Le firme necessarie per sbarrare la strada ai 150mila franchi votati dal legislativo a favore del Centro e della scuola di scultura sono già sufficienti
Avevano preannunciato un referendum. Ma, prima ancora di poterlo ‘formalizzare’ a tutti gli effetti annunciandolo urbi et orbi e informare il Municipio al riguardo delle loro intenzioni, ecco che i promotori si sono trovati letteralmente sommersi dalle firme. E così il referendum contro il credito di 150mila franchi (suddivisi su tre anni) stanziato dal Consiglio comunale di Lavizzara lo scorso 30 gennaio a favore della Fondazione per la scultura di Peccia e al suo Centro internazionale (Cis), ‘vittima del suo successo’, è da considerarsi riuscito anzitempo (il termine per la raccolta delle sottoscrizioni scadrebbe il 15 marzo).
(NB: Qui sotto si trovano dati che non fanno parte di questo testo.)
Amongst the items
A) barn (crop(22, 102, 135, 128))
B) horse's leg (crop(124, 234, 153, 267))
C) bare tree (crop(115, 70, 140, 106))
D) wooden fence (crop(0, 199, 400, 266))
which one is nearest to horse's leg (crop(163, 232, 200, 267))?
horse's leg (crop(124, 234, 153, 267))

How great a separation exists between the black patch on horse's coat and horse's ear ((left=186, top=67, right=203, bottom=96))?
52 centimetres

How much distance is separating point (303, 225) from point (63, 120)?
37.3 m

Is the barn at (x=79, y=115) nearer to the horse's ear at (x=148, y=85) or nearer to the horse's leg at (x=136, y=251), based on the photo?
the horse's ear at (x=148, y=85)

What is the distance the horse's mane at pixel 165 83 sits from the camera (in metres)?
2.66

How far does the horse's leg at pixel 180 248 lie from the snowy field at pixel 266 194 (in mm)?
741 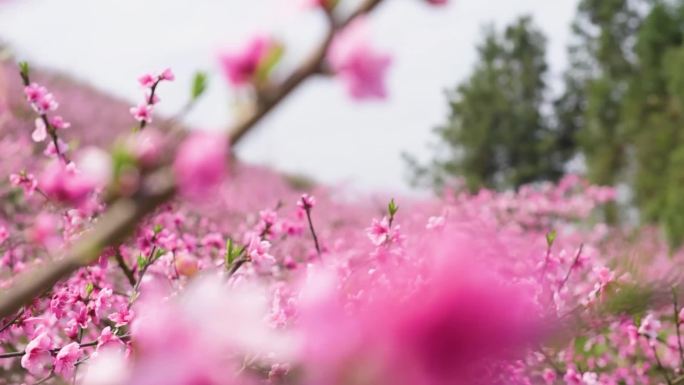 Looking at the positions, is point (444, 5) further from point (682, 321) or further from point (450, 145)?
point (450, 145)

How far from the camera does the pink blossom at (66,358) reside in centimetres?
206

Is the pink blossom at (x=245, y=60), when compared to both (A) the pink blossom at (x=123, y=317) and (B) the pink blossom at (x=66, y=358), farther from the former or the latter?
(A) the pink blossom at (x=123, y=317)

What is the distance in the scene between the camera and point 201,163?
0.71m

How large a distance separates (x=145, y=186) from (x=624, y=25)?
17852 millimetres

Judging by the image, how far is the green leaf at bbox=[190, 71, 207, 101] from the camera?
115cm

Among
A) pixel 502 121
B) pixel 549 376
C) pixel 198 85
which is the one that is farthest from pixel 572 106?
pixel 198 85

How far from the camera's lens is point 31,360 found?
2.15 m

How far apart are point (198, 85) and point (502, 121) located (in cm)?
1651

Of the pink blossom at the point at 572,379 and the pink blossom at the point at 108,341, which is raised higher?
the pink blossom at the point at 108,341

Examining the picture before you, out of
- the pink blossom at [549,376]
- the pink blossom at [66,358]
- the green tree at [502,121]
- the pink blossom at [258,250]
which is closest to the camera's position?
the pink blossom at [66,358]

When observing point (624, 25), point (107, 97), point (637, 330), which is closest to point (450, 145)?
point (624, 25)

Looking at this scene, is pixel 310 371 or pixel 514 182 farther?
pixel 514 182

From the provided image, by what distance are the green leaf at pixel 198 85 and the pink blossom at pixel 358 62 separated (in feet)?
1.47

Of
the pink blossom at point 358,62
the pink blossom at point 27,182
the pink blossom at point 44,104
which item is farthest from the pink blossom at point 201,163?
the pink blossom at point 27,182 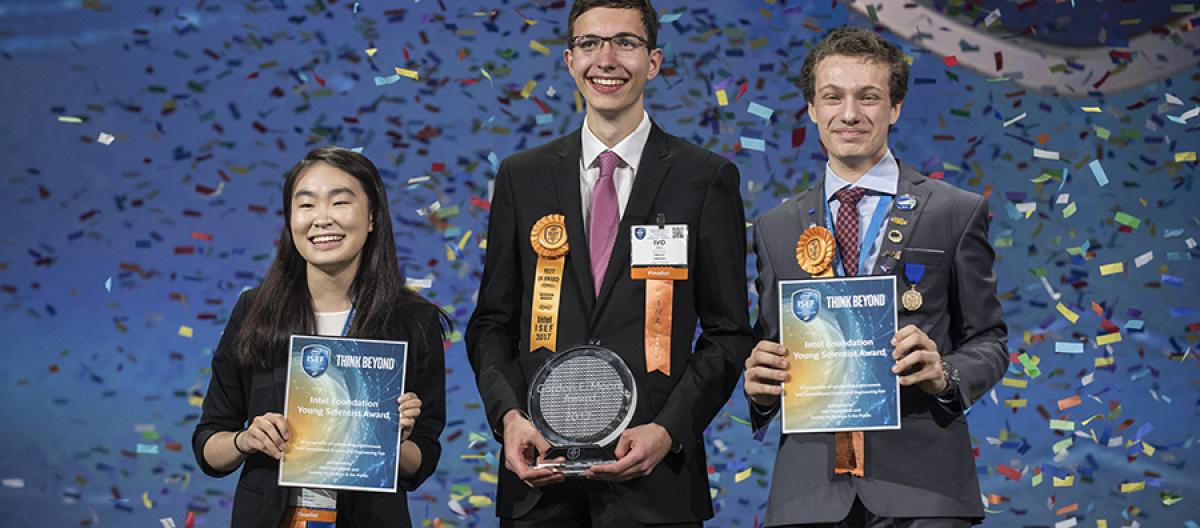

Occorreva, ai suoi ideatori (in prima fila Astrid Lorenzetti e Marzio Demartini) il 15% di firme degli iscritti in catalogo elettorale; ne sono arrivate, in una sola settimana dalla pubblicazione della risoluzione all’albo, ben oltre le aspettative confermando la riuscita dello stesso, calcolando che vi sono ulteriori richieste di sottoscrizioni, a conferma dell’interesse che la tematica suscita in valle (senza dimenticare, fanno presente gli interessati, che molti hanno condiviso le motivazioni ma al momento di mettere la firma sul foglio hanno rinunciato adducendo a pressioni e ricatti esterni e paura di ripercussioni personali). Di questo gran numero di contrari, comunque, il Municipio dovrà prenderne atto quando si tratterà di portare i cittadini alle urne.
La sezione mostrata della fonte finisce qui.